The only channel through which the president can intervene in the authority of the executive is through the Executive Yuan. The president can appoint or remove the premier. This is how the president can control the Executive Yuan, in law and in fact. Actually, the president need not be a member of the majority party. Chen Shui-bian headed a minority government for eight years. Under these conditions the president ought to be able to appoint a member of the majority party as premier. This would establish a legal precedent for "system of alternate executive power." The nomination of the premier is a presidential power. It is also a presidential responsibility. But during Chen Shui-bian's eight years in power, he insisted on minority government. He appointed and replaced six premiers. The Second Financial Reform scandal in particular, revealed the extent of his presidential powers. Lee Yung-san, Lin Chuan and other cabinet members have admitted that they acted on orders from the president. Such examples may not constitute legal precedents. But neither can one close one's eyes to them. One cannot ignore one's conscience. Legally and factually, these are not powers belonging to the president under the constitution in its current state.

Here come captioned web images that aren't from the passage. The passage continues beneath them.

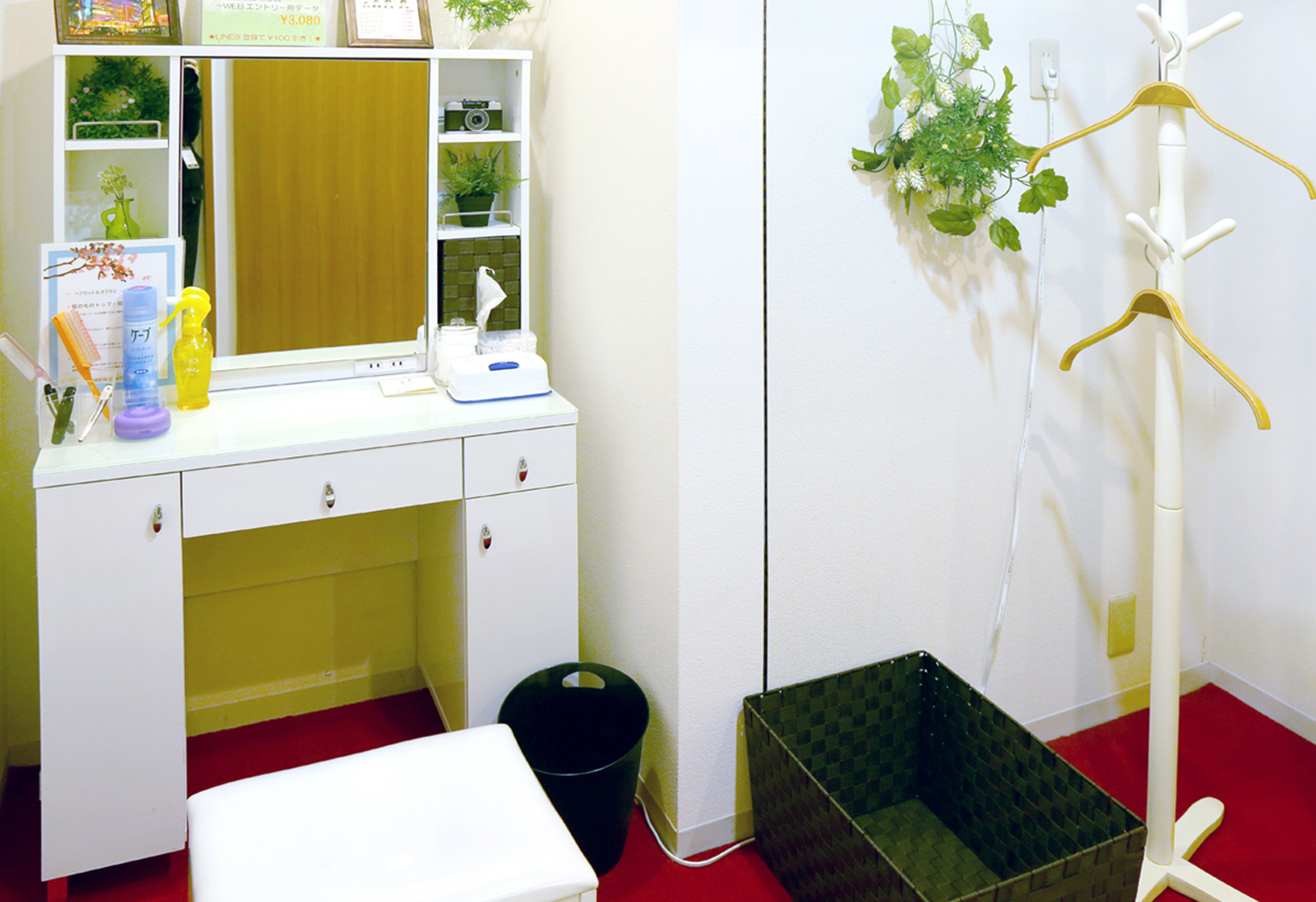 スタジオ728名古屋栄ドレッサー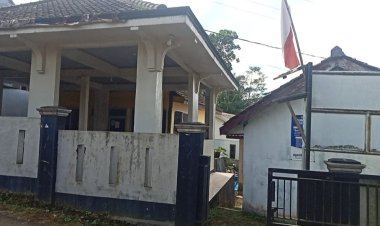 Diduga Lalai Dalam Tugas, Kantor Desa Banjarnegara Pulosari, Kosong Saat Jam Kerja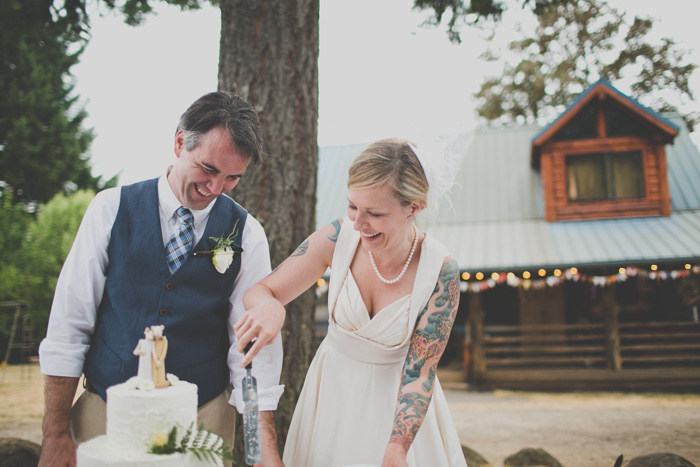 Oregon-At-Home-Intimate-Wedding-Aimee-Brian-87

Chou Chan-chun's behavior is contemptible. He argued that airport trollies were "not part of the president's official duties." He mocked Ma Ying-jeou for "exceeding his authority." But Chou Chan-chun refused to say that coping with Typhoon Morakot and the financial tsunami "was not the president's responsibility." He refused to say that Ma Ying-jeou was merely a figurehead, and not responsible for Typhoon Morakot and the financial tsunami. Chou Chan-chun portrayed Chen Shui-bian as a "figurehead leader." He absolved Chen of all responsibility for wrongdoing during his eight years in office. He even argued that Chen Shui-bian lacked the authority to promote the Second Financial Reform program. He "reasoned" that since Chen lacked the authority to intervene in financial reform, therefore he lacked the wherewithal to extort wealth. What is this, but arrant nonsense?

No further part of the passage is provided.